[Items from a dataset]
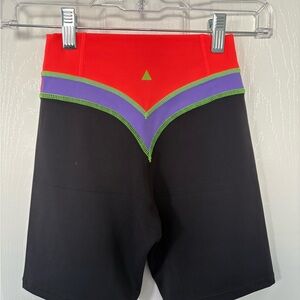 Vitality Pulse Hue Volley Short - midnight glow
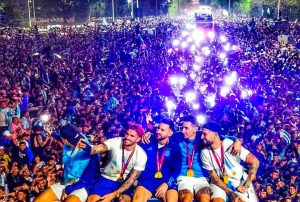 VIDEO| ¡La copa vuelve a Sudamérica! La Argentina campeona del mundo regresa a casa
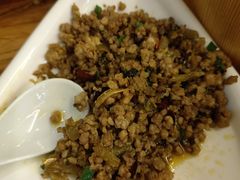 云南酸菜炒肉沫-滇香肴·云南菜蒸汽石锅鱼(云南北路店)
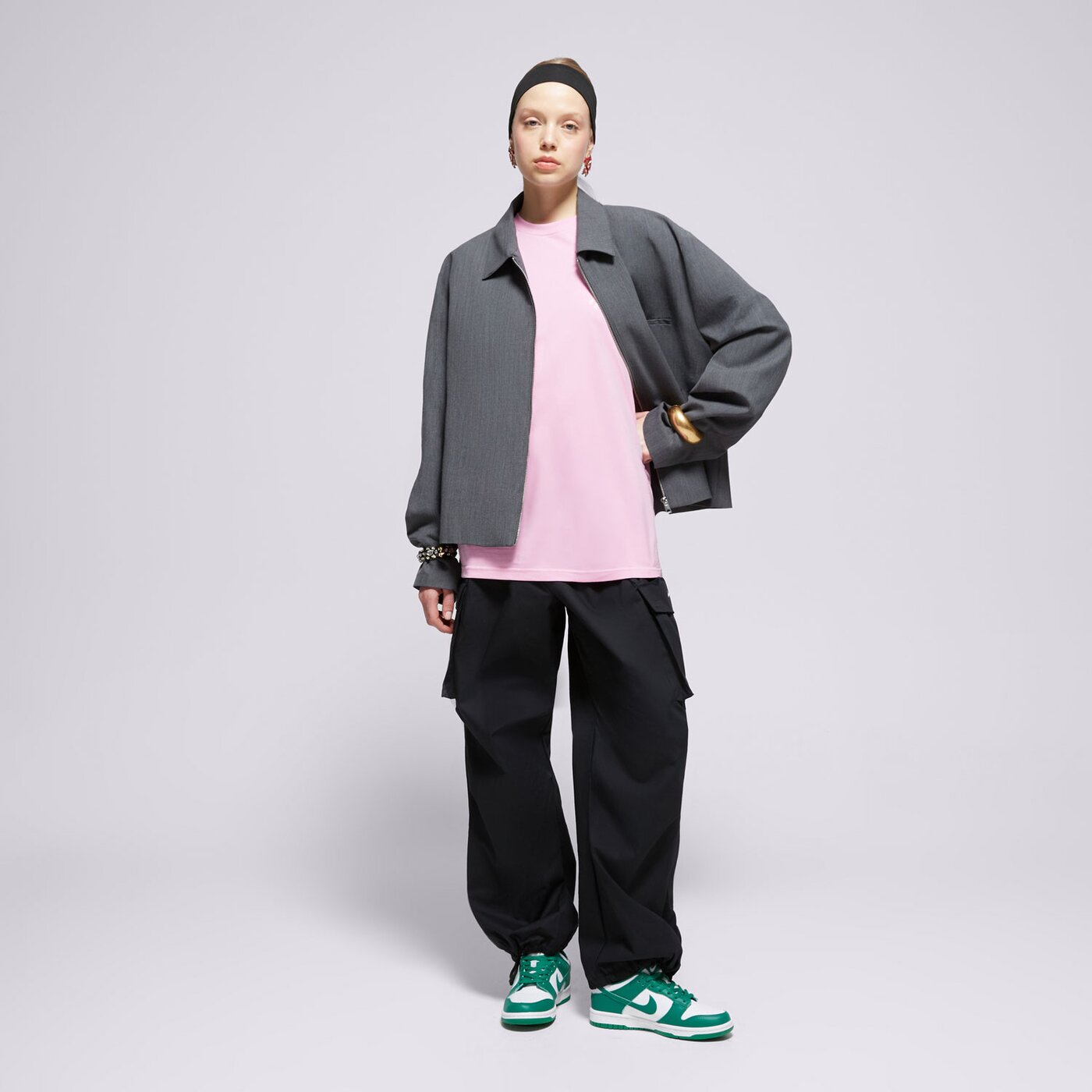 Дамски панталони NIKE ПАНТАЛОНИ W NSW STREET CARGO PANT ib1058-010 цвят черен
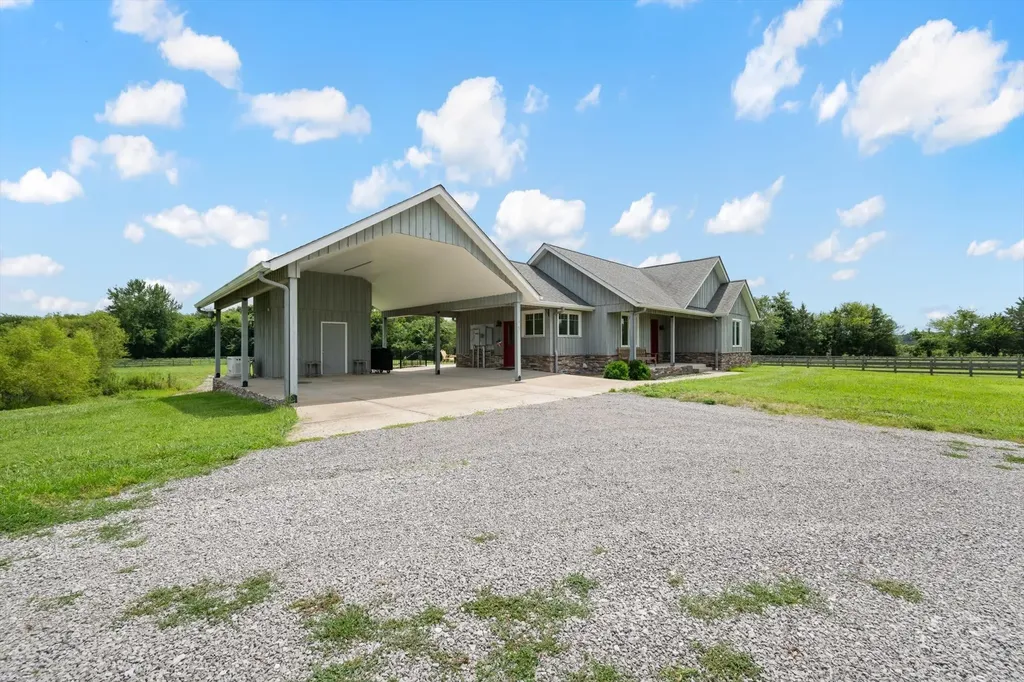 221 Eady Road Shelbyville TN 37160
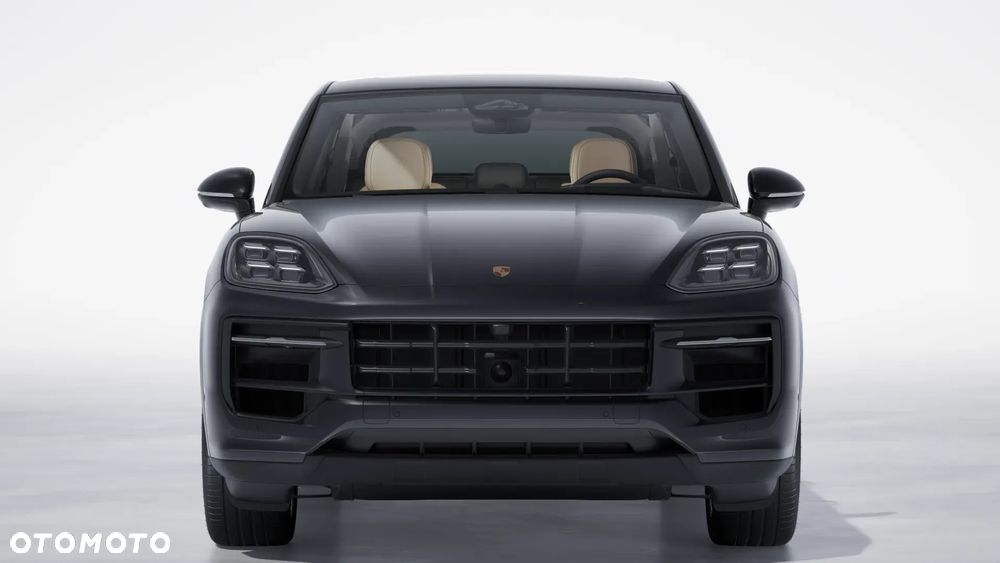 Porsche Cayenne Coupe E-Hybrid PHEV - 2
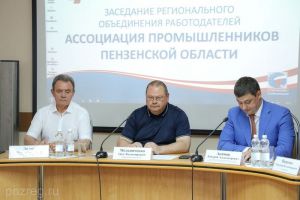 В Пензе Олег Мельниченко заявил об одной из главных задач системы образования
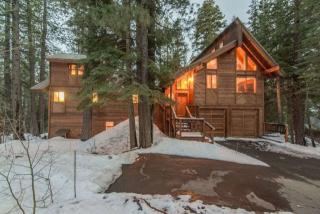 11521 Chamonix Rd, Truckee, CA 96161-6417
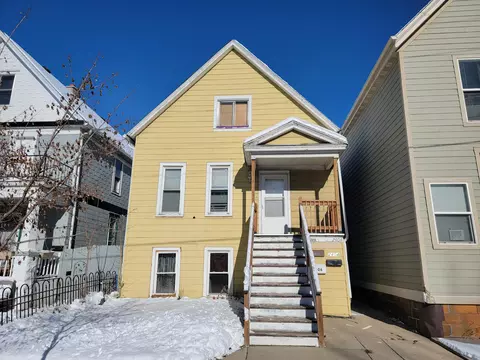 2404 W Burnham #2406, Milwaukee, WI 53204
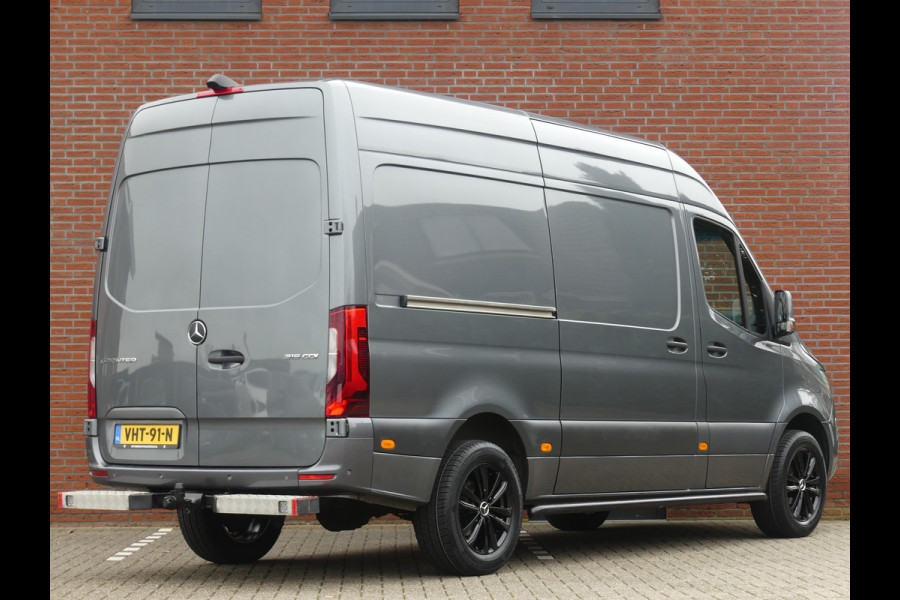 Mercedes-Benz Sprinter 315 CDI L2H2 3500KG Trekgewicht LED/Camera/Trekhaak/PDC/Navigatie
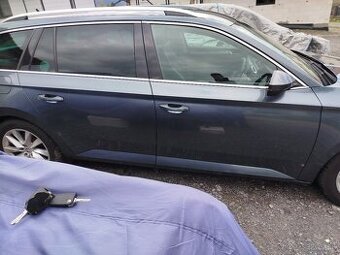 Rozpredám Superb 3 dvere (pravá strana)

[What this task involves]: The lines to reproduce run from the line containing "云南酸菜炒肉沫-滇香肴·云南菜蒸汽石锅鱼(云南北路店)" through the last line of the records above, both included. Copy them exactly and drop the pictures.

[Response to this task]:
 云南酸菜炒肉沫-滇香肴·云南菜蒸汽石锅鱼(云南北路店)
 Дамски панталони NIKE ПАНТАЛОНИ W NSW STREET CARGO PANT ib1058-010 цвят черен
 221 Eady Road Shelbyville TN 37160
 Porsche Cayenne Coupe E-Hybrid PHEV - 2
 В Пензе Олег Мельниченко заявил об одной из главных задач системы образования
 11521 Chamonix Rd, Truckee, CA 96161-6417
 2404 W Burnham #2406, Milwaukee, WI 53204
 Mercedes-Benz Sprinter 315 CDI L2H2 3500KG Trekgewicht LED/Camera/Trekhaak/PDC/Navigatie
 Rozpredám Superb 3 dvere (pravá strana)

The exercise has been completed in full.